Play on Emmett Till Wins Edgar Award
By Persia Walker
Chicago playwright Ifa Bayeza won the prestigious Edgar Award during yesterday's ceremony in New York for her work The Ballad of Emmett Till.
Bayeza, already a prize-winning author, said she was "thrilled" at receiving the Edgar, which is awarded by the Mystery Writers of America.
Her play stems from the August 1955 murder of Till, a 14-year-old Chicago youth who was brutalized during a trip to Mississippi. He had whistled at a white woman at a grocery store where he and some friends had purchased sweets. His mother's decision to hold an open-casket funeral for her son drew international attention to the horrors of lynching in the South.
The men who were accused of having killed Till were found innocent in court. Feeling safe from further legal prosecution by virtue of double-jeopardy, they later admitted to the killing. They said they originally didn't intend to kill Till, but after beating and torturing him, finally shot him because he didn't show fear.
Unlike other writings that have focused on the barbarity of the boy's death, Bayeza's work is a celebration of his all-too-brief life.

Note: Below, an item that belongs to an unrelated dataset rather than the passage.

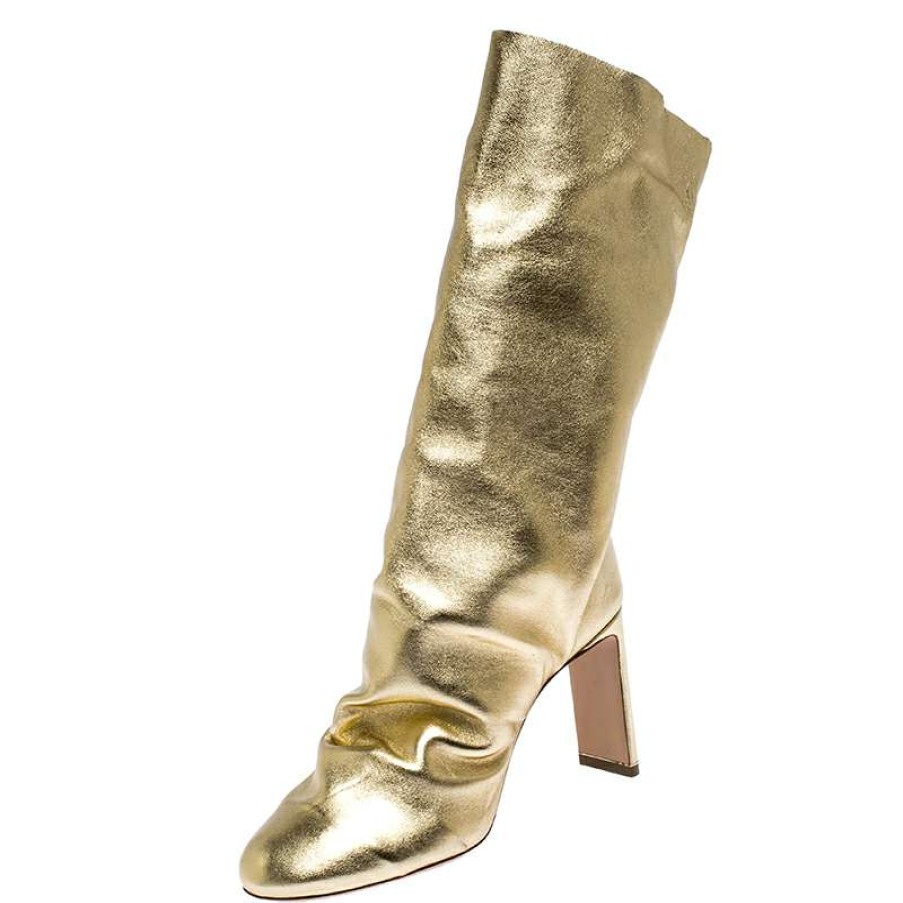 Women'S Shoes * | Nicholas Kirkwood Metallic Leather D'Arcy Ruched Ankle Boots Size 38.5 For Women Gold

The website of the Goodman Theatre in Chicago describes The Ballad of Emmett Till as a "soaring work of music, brilliant poetry and theatricality."
It was wonderful to be in the audience at the Grand Hyatt and see Bayeza accept her Edgar. Her other stage works include Amistad Voices, Club Harlem and Homer G & the Rhapsodies. Bayeza is known for authoring works that inspire dialogue among a diverse audience. She collaborated with her sister Ntozake Shange on Shange's landmark production of for colored girls who considered suicide when the rainbow is enuf, directed by Oz Scott, at New Federal Theater and The Public Theater. The two also collaborated on a new novel, Some Sing, Some Cry, to be published by St. Martin's Press.